04-18-2021, 12:56 PM (This post was last modified: 04-19-2021 07:01 PM by robve.)
Post: #65
 robve Member Posts: 140 Joined: Sep 2020
(04-17-2021 11:45 PM)Albert Chan Wrote:  With sign checking method, both will suggest optimal d ~ 700.

Edit: I've updated the document with an improved version of the predictor (shown below) and an explanation how it works.

The following update sets d=1/700 for this case, so d is now either increased or decreased towards an optimum:

Code:
  else if (isfinite(a)) {     int i;     double ph = 0, h;     mode = 1; // Exp-Sinh     for (i = 1; i <= 16; ++i) {       double r = 1 << i;       double fl = f(a + d/r), fr = f(a + d*r)*r*r;       double h = fl - fr;       if (!isfinite(h))         break;       if (i > 1 && sign(ph) != sign(h)) {         if (h != 0)           r /= 2; // r = (r/2*h - r*ph)/(h - ph); // we can also try regula falsi         if (fabs(fl) < fabs(fr))           d /= r;         else           d *= r;         break;       }       if (fabs(h) < 3e-5) // sqrt(eps) or cbrt(MachEps)         break       ph = h;       printf("%g diff=%g (%g - %g)\n", r, h, fl, fr); // diagnostics     }     if (d != 1)       printf("optimal d=%g\n", d);

This is a rough predictor that could be further improved.

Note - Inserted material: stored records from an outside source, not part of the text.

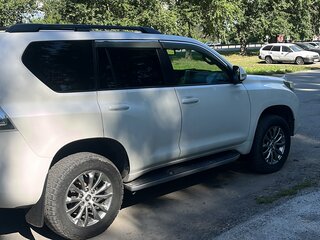 2009 Toyota Land Cruiser Prado 150 Series, белый, 3100000 рублей, вид 2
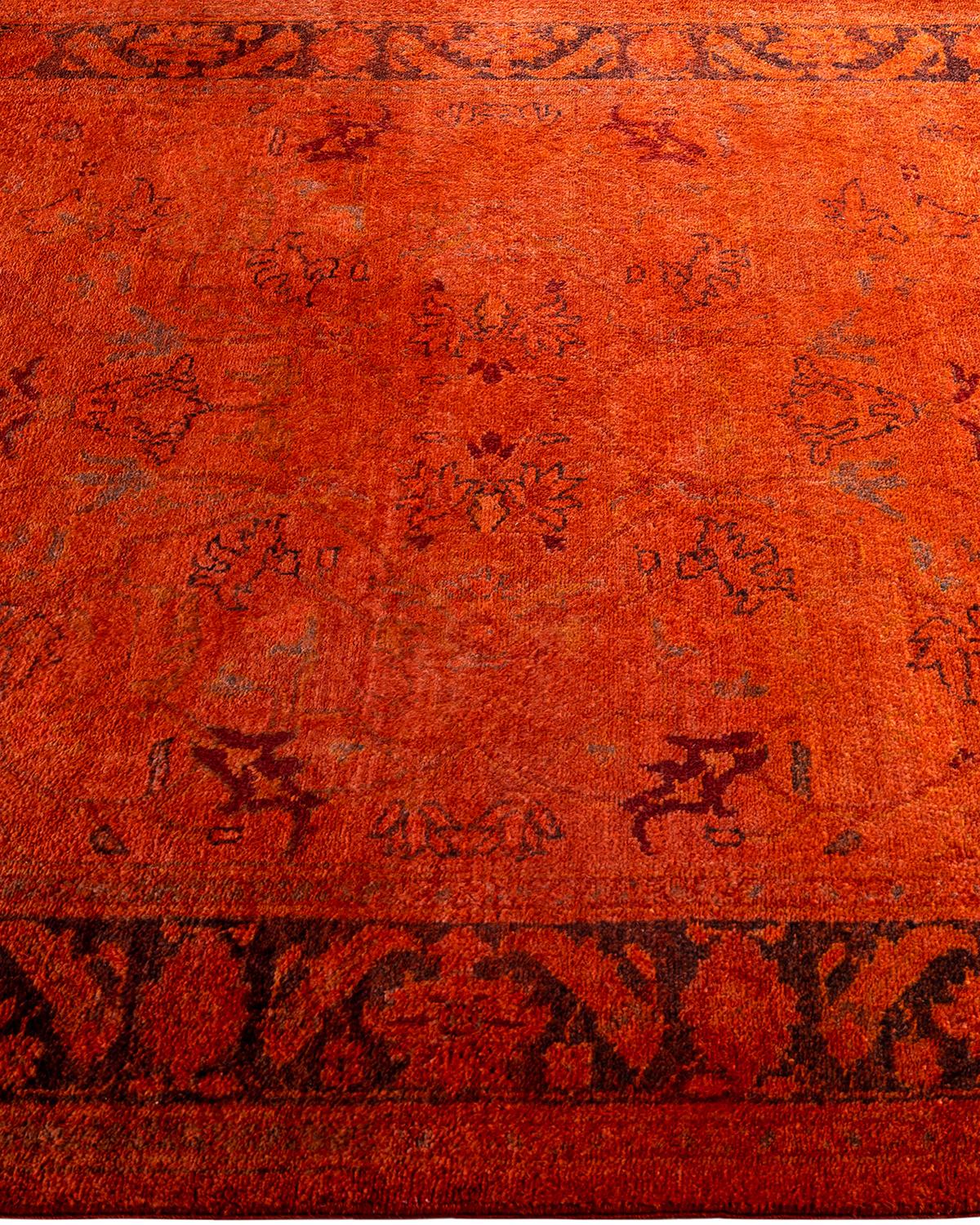 Contemporary Vibrance Hand Knotted Wool Orange Area Rug In New Condition For Sale In Norwalk, CT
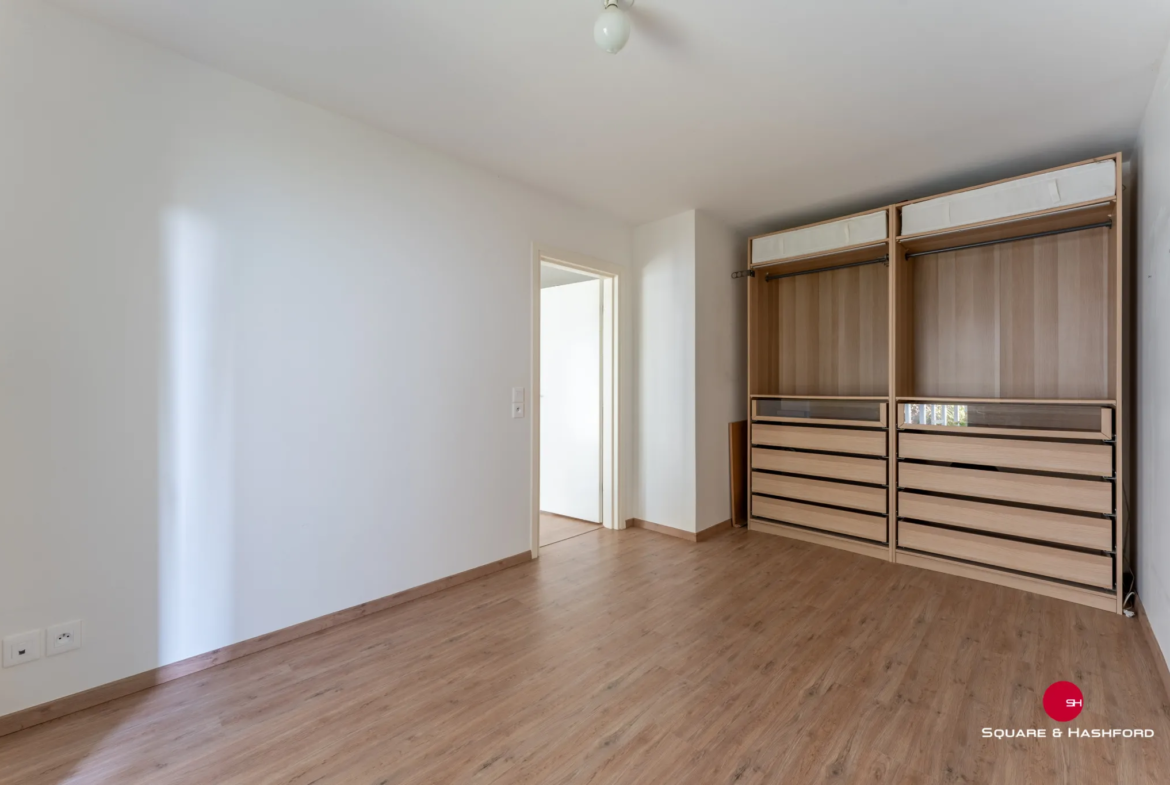 Appartement deux pièces avec terrasse, jardin et parking à Mérignac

But this predictor is already reasonably effective to increase or decrease d in order to reduce the number of points evaluated by Exp-Sinh.

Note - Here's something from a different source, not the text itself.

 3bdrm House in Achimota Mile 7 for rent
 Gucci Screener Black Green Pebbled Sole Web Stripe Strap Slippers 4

The predictor evaluates points too, but quits when an optimal d is found. There are ways to reduce this overhead, e.g. taking larger steps for d and perhaps followed by a second refinement step to adjust d.

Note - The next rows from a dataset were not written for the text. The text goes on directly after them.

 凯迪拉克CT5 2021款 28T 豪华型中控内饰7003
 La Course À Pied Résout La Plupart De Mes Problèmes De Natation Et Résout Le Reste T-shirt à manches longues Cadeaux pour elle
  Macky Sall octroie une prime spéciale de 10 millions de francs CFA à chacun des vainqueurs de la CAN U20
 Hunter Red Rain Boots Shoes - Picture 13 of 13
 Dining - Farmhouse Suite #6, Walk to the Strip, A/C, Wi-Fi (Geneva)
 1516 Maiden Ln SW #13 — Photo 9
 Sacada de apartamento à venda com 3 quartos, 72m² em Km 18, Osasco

With the simple predictor I've tested 208 integrals on [a,+inf) in the zip file with eps=1e-9: 29 are improved with 61 fewer points on average to integrate each of those.

- Rob

HP 71B,Prime G2;Ti VOY200,Nspire CXII CAS;Casio fx-CG50,fx-115ES+2;Sharp PC-G850VS,E500S,1475,1450,1360,1350,2500,1262,1500A
04-19-2021, 10:16 PM
Post: #66
 Albert Chan Senior Member Posts: 1,405 Joined: Jul 2018
(04-18-2021 12:56 PM)robve Wrote:  There is one bad case exp(-3*(x*x)-4/(x*x)) with 228 more points. The predictor pushes too hard on this one where the diff is close to zero already at the begin of the search, meaning there is no need to search for d in this case.
Note: this quote was removed, but it is instructive to see why it failed ...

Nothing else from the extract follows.